Call me a freak
Call me fat and ugly and stupid
I'm a fucking storm. I have fire burning inside me and I'm ready to pop.
Sick of the hatred and bitchiness that so many people are obsessed with projecting on to those of us that just wanna get on with our lives and have a good fucking time and do something good with our lives. I love my friends, I love so many people that I meet and I get to have in my life. I want to continue to come across these folk. I don't want to read in closer magazine that cheryl cole has 'gained weight'
A... the woman is tiny
B... even if she wasn't, her life.
C... the person who put a photo from a silly angle of her chin and wrote an article on giving her shit for having put on weight, fuck you! fuck you for giving girls and boys everywhere a complex about the way they look. jesus, everyone's so obsessed with looks and perfection. don't you understand that by attacking you're destroying the nation's self esteem.

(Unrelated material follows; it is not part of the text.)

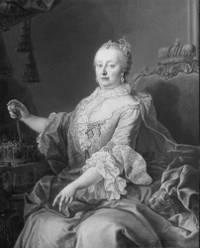 Kaiserin Maria Theresia, 1717 - 1780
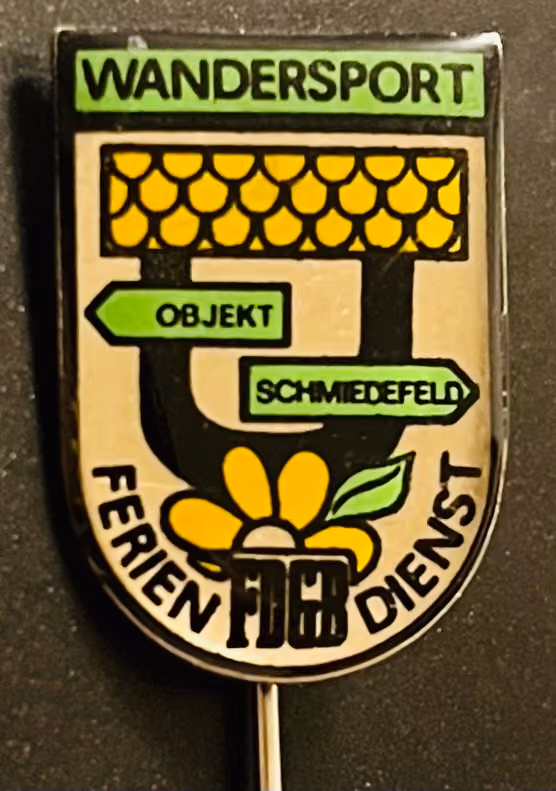 FDGB-Feriendienst - Wandersport - Objekt Schmiedefeld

I have a double chin from the wrong angle, I have cellulite from any angle, I have curves and spots and imperfections all over my body. I don't love it but I ain't gonna fucking hate myself just because some shitty magazines will write shit about me for being human. I'm glad I'm the way I am, I'm normal, I'm a freak. I'm free.
Start a revolution of imperfections and freedom, because that is truly the most beautiful.